The transmission electron microscopy (TEM) image were obtained using Technai-20 Philips instrument operated at 200 kv and beam current of 104.1μA. Sample for this analysis were prepared by coating the aqueous AgNP on carbon coated copper grids (300 mesh size) by slow evaporation and then allowed to dry in vacuum at 250C for overnight.
Scanning electron microscope (SEM) analysis was employed to characterize the size, shape & morphologies of formed nano particles.
The FTIR study by using a FT IR spectrometer (Perkin Elmer Lx10-8873) with scanning range of 450-40000 cm-1 at the resolution of 4 cm-1 was used to analyse the vibration characteristics of chemical functional groups of the nano particles.
For the study of crystal structure, texture or orientation, X-ray-diffraction (XRD) studies were conducted using Siemens X-ray diffractometer (Japan), operated at 30 kv and 20 mA current with Cu Kα (I=1.54Å). Films of colloidal form AgNP were tested by drop coating on Si (III) substrates and data were recorded. The scanning range was selected between 10O and 80 O.
Bioassay of green silver nano particles
In case of bioassay of green nano particles synthesised from leaves of H. integrifolia, following concentrations were used i.e. 1.25, 2.5, 5, 7.5 and 10 ppm against all larval instars of Cx. vishnui.
Later those concentrations of nano particles were transferred to disposal plastic cups separated to carry out the tests, in which twenty five 1st to 4th instars larvae of Cx. vishuni were placed with the help of disposable plastic pipette (WHO/VBC, 2005)7 and similar type of bio assay were conducted. The dead larvae were counted after 24 hour of exposure and percentage mortality was reported from the average for the three replicates taken.
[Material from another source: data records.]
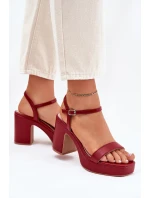 Eko kožené sandály na podpatku bordové Lillita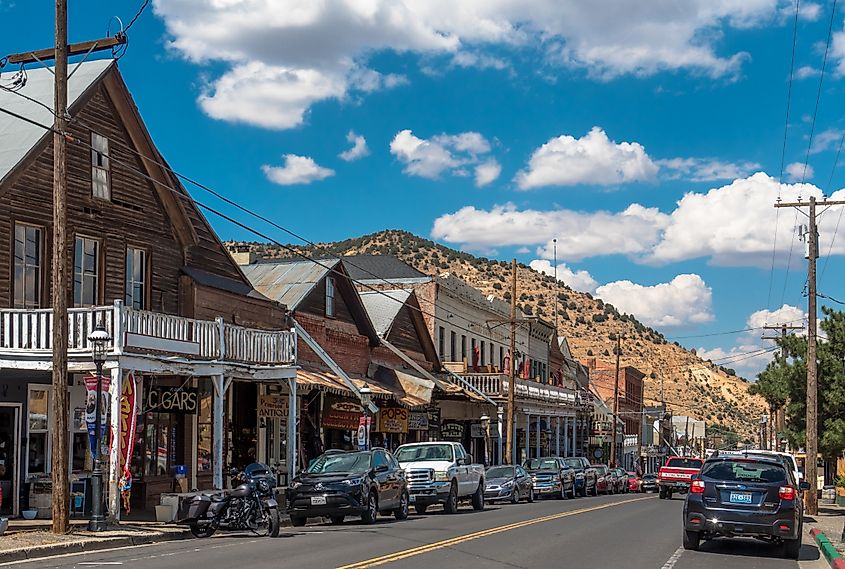 Virginia City, Nevada: Wooden houses at Main Street, via M. Vinuesa / Shutterstock.com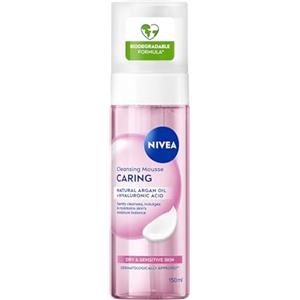 NIVEA Mousse Detergente Viso Nutriente 150 ml, Schiuma detergente viso con Olio di Argan e Acido Ialuronico idratanti e lenitivi, Foaming cleanser per una skincare per pelle secca e sensibile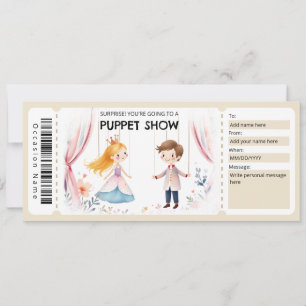 Convite Certificado de Presente de Show de Marionetes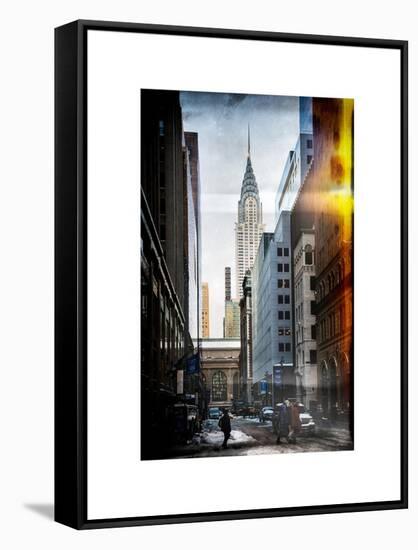 Instants of NY Series - Urban Scene in Winter at Grand Central Terminal in New York City-Philippe Hugonnard-Framed Stretched Canvas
Toxicity test on non target organism
Active principle of ethyl acetate extract and silver nano particles of H. integrifolia leaves were tested against those organisms sharing the habitat of Cx. vishnui mosquito i.e. rice field. Some of the non-target organisms are natural predator of Cx. vishnui mosquitoes. It is very much essential to determine the effect of synthesised ethyl acetate and silver nano particles extract in laboratory condition on non target organisms to guess the probable effect that should occur after applying it in field conditions. Experiments were conducted on non-targets like Chironomus circumdatus, Daphnia sp, Diplonychus anulatum and Tadpole larvae.